Una curiosità: nella sua parlata non si nota la minima inflessione siciliana. Sa il dialetto?
«L’ho dimenticato completamente, anche se lo capisco benissimo. Da ragazzo, siccome volevo fare questo mestiere, ascoltavo molto la radio, perché gli speaker di allora avevano una dizione perfetta. Così non frequentai nessun corso di dizione e quando mi presentai per il provino in Rai, l’esaminatore, il grande regista Antonello Falqui, mi beccò subito: “Ma voi siciliani non sapete parlare bene l’italiano”. Io lo sfidai a mettermi alla prova. E lui: “Si immagini di essere a Sanremo e di dover presentare Mina”. Io sapevo tutto su Sanremo e tutto su Mina e feci una bella presentazione, con una dizione perfetta. E infatti mi presero».

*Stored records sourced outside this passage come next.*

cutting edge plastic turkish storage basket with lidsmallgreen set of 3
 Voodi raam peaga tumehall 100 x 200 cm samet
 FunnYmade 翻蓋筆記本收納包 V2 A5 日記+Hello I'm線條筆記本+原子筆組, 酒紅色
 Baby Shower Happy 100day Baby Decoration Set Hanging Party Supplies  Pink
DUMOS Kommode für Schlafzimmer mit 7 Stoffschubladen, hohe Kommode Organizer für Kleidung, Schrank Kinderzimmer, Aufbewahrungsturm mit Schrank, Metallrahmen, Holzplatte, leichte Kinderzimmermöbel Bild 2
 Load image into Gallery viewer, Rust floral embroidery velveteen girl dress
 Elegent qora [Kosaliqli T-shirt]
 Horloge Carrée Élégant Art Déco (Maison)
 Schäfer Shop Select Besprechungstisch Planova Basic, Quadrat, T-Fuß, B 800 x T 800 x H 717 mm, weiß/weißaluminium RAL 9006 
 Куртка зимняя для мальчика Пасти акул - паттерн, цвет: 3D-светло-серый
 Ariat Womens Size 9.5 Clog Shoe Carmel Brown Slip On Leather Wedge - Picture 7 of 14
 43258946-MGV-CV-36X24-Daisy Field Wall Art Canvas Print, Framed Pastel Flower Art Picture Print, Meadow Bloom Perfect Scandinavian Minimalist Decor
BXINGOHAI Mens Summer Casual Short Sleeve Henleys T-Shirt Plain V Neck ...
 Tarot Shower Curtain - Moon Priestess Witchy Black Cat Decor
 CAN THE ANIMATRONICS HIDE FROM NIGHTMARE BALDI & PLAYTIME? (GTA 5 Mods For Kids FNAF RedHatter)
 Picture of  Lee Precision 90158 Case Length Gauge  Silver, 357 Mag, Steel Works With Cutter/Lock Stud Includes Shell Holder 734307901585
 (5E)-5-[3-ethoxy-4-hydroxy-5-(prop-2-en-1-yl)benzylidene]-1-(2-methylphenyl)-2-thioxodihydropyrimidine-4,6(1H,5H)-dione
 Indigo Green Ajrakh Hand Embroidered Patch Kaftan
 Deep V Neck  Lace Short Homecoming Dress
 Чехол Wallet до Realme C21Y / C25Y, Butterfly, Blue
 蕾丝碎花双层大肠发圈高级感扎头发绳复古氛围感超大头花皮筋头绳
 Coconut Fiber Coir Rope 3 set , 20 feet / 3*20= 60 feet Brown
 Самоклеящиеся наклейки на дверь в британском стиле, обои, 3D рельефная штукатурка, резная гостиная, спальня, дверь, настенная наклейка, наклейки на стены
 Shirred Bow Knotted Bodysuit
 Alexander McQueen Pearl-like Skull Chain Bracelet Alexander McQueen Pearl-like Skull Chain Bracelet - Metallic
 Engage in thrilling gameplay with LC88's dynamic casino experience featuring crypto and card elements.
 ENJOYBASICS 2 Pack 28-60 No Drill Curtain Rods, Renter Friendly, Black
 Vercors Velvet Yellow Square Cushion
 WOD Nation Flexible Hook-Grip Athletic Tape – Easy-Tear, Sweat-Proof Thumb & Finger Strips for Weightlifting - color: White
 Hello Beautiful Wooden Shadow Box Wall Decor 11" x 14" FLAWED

Non parla in dialetto nemmeno quando torna nella sua Militello?
«No, perché quando ci provo i miei compaesani si sbellicano dalle risate».
Se non avesse fatto il presentatore, che mestiere le sarebbe piaciuto?
«Il direttore d’orchestra. Ha una partitura in mano, davanti a sé 50-60 musicisti e deve fare in modo che i violini si accordino con i violoncelli, le trombe con i tromboni fino a creare un unico insieme armonioso. Ogni volta è una magia che si realizza».
Non ha sublimato questo sogno nel suo lavoro? Lei non si è mai limitato a presentare, ma ha sempre voluto un controllo totale su tutto, dalle scenografie, alla musica, agli ospiti...
«È così. Io ho sempre “diretto” i miei programmi, perché mi piace assumermi le responsabilità: se lo spettacolo non è bello, la colpa è mia; se è bello, il merito è anche mio».
Qual è il più grande desiderio di Pippo Baudo?
«Sarebbe bello se gli anni che mi restano avessero una cadenza più lenta: tre anni per ogni anno. E nel frattempo, se dovesse capitarmi l’occasione per tornare in onda, lo farei davvero con molto piacere. Ho tante idee nel cassetto».